» **Requirement**: Among the lines below, copy exactly those from the one with "1054 - An Aztec" through the one with "Litter bearers of", counting both ends.

» **Dataset extract**:

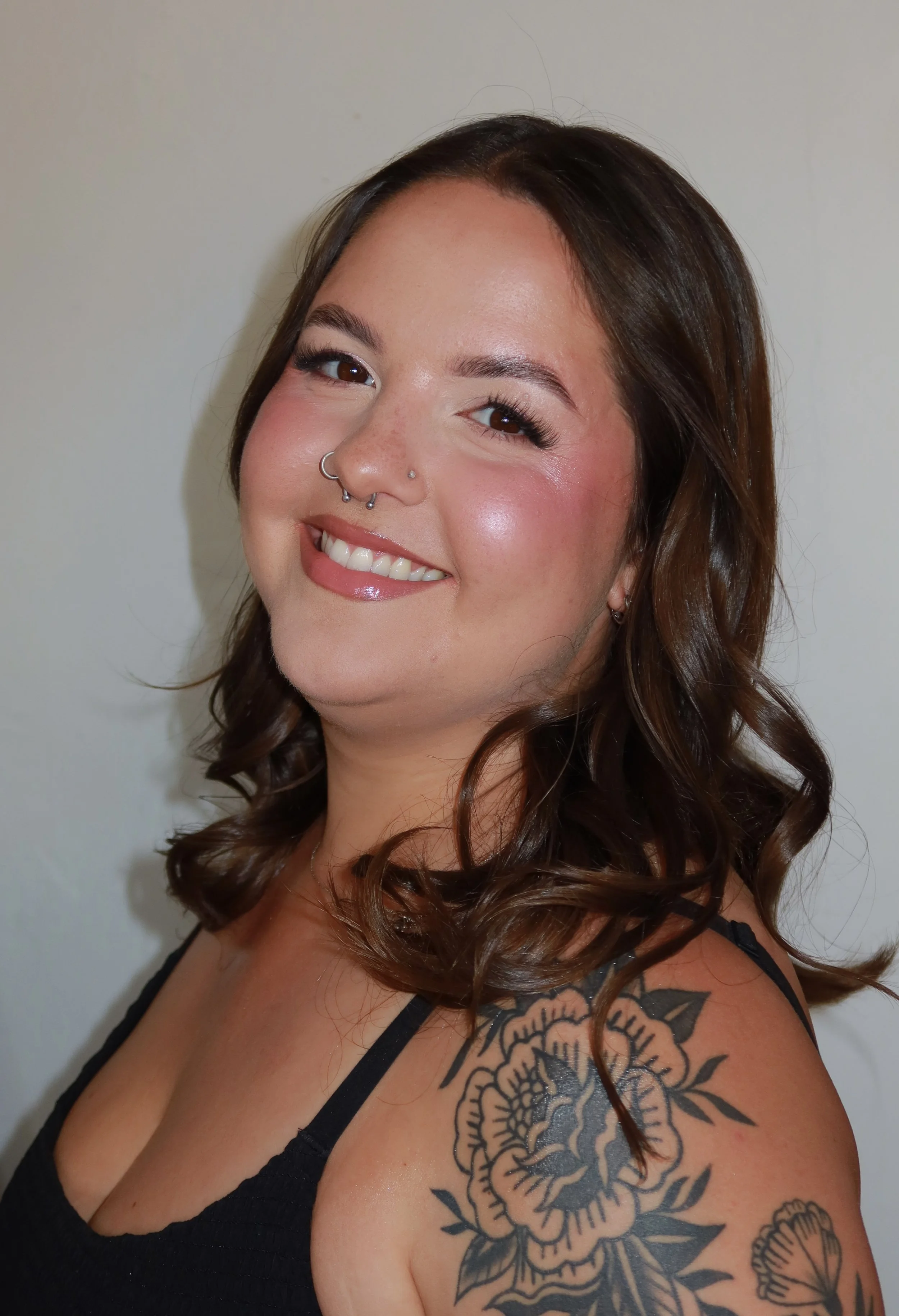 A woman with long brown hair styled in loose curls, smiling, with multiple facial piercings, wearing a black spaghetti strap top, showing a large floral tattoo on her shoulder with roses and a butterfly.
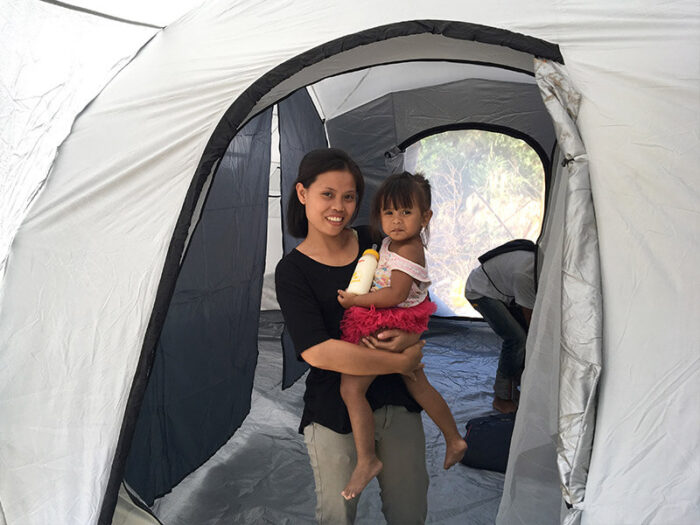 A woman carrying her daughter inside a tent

==

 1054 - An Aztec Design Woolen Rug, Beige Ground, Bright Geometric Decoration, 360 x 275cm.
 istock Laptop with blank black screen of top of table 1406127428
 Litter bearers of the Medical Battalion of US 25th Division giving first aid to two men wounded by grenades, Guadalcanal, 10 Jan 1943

» **Task response**:
 1054 - An Aztec Design Woolen Rug, Beige Ground, Bright Geometric Decoration, 360 x 275cm.
 istock Laptop with blank black screen of top of table 1406127428
 Litter bearers of the Medical Battalion of US 25th Division giving first aid to two men wounded by grenades, Guadalcanal, 10 Jan 1943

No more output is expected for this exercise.